Mais voilà : les sociétés changent, évoluent, se modifient profondément et durablement, et les textes demeurent. Par une certaine ironie de l’histoire, ce qui était révolutionnaire hier devient parfois le discours dominant et conformiste d’aujourd’hui.

Je me demande parfois quel effet cela ferait dans ma communauté si je disais subitement : « cessez de lire et de réfléchir, et passez le peu de temps qui vous reste avant Pessah à récurer vos casseroles à fond, à ébouillanter vos couverts brûler vos plaques au chalumeau… ». Je ne dis pas cela par goût de la provocation, je le dis simplement parce que je crois profondément que le rôle d’un rabbin, ce qui fait qu’on l’appelle Gadol, c’est son aptitude à surprendre, à déstabiliser, à bousculer, à dire le contraire du discours convenu qu’on attend de lui.

Pour en revenir à la grande polémique entre Hassidim et leurs opposants, les mitnagdim, on a l’habitude de dire que sans les Hassidisme le judaïsme d’Europe centrale se serait desséché, déconnecté des réalités de la base populaire. Mais sans la réaction contre-hassidique, le judaïsme serait devenu une espèce de spiritualité dans laquelle la place prépondérante aurait été donnée aux expériences extatiques et mystiques. Le judaïsme est donc ce qu’il est aujourd’hui grâce à l’existence des deux courants, et à leur opposition.

Ce n’est pas une nouveauté ni un scoop, je fais partie de ceux qui pensent que le mouvement massorti n’aura un rôle à jouer dans la société juive que s’il parvient à réussir une certaine synthèse entre ces deux visions de l’expérience religieuse : la rigueur de la loi alliée à la force d’un message à la portée de tous, à la fois actuel et moderne.

Savoir sur quel point appuyer, insister alternativement, décider si pour garder le cap fixé il faut virer à bâbord ou à tribord, c’est la tâche du capitaine du navire, le Gadol.

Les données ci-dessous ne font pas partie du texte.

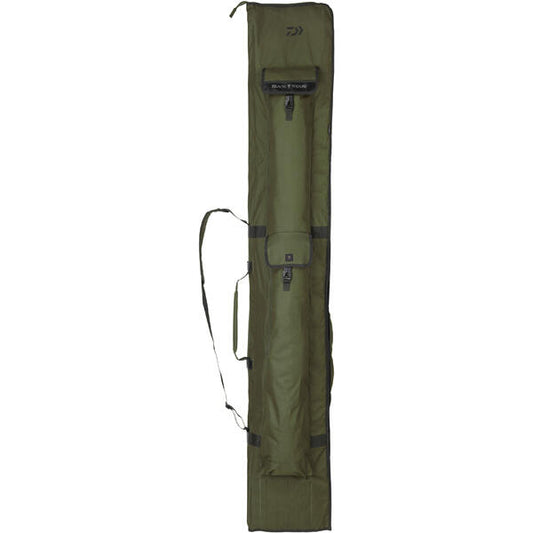 Husă Lansete 3 Posturi 12FT Daiwa - Protecție Maxima, Transport Sigur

C’est ce chabbat que le Gadol a la responsabilité de dire à chacun et à au collectif « stop » ou « encore », « changez de cap » ou « continuez sur cette voie ». Seuls les naïfs et les inconscients croiront que le Gadol sait exactement tout sur tout, qu’il sait très bien ce qu’il doit faire, qu’il n’a jamais de doute ni d’angoisse, de moments de découragements autant que de moments de joie.

Le Gadol qui a à cœur que son message soit perçu le mieux possible par le plus grand nombre est parfois maladroit, car il navigue à vue, et prend en compte des considérations que d’autres ne voient pas, en plus des bouleversements de sa vie personnelle, puisqu’il a aussi une vie personnelle.

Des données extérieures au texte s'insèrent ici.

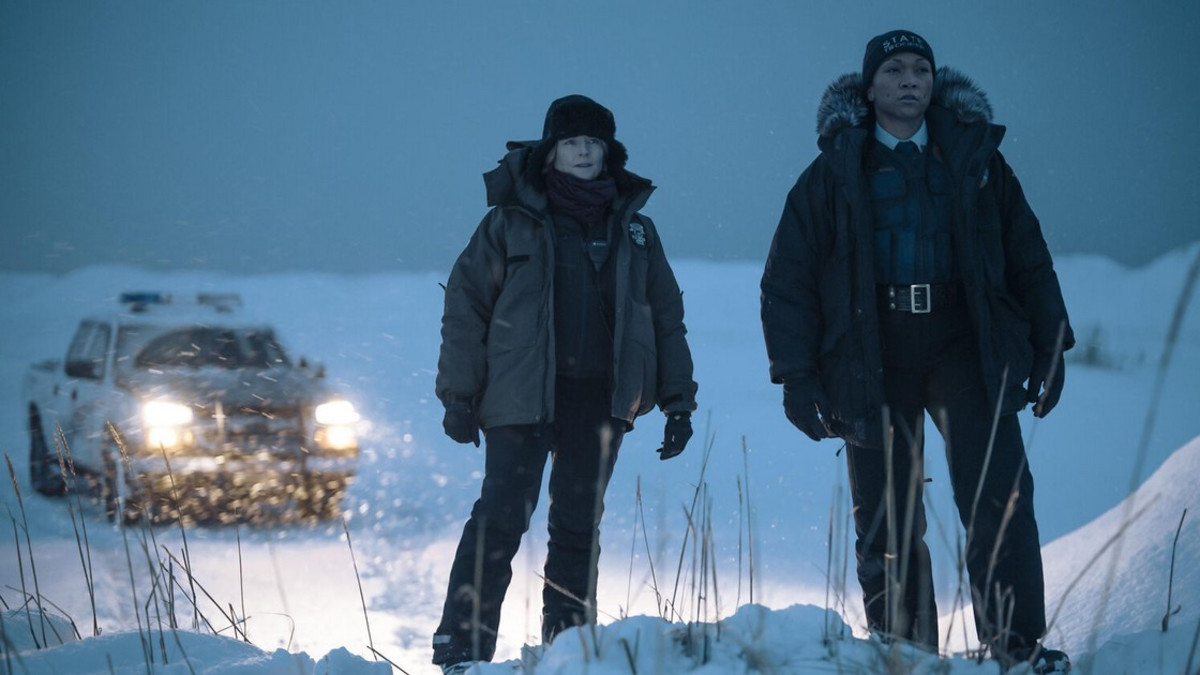HBO:n True Detective: Night Country -sarjan suomitraileri julki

Si, contrairement à l’année dernière je demande d’insister particulièrement sur le nettoyage de Pessah cette année, c’est parce que j’ai l’impression, subjective, donc forcément sujette à caution, que pour certains la cacherout de Pessah et même la cacherout en particulier reste un objectif tellement difficile à atteindre qu’il en est décourageant avant même d’essayer. En demandant autour de moi qui serait prêt à inviter un étudiant rabbin de Jérusalem qui passera la semaine prochaine à Nice, j’ai entendu plusieurs fois « mais chez moi ce n’est pas assez cacher ». Surestimation de la difficulté de la tâche qui permet de donner une bonne excuse pour rester dans une situation confortable. Or la haggada de Pessah ne dit-elle pas que chacun entre, s’assoit et mange ? Y a-t-il des considérations de cacherout ? Ou bien attend-on du rabbin de faire preuve de souplesse pour se faire inviter ?

Double message : en montrant que cette année vous avez suffisamment nettoyé, vous montrerez que vous avez réussi à enlever le Hamets de votre cœur, celui qui vous empêche d’avancer, d’approfondir et de vous améliorer.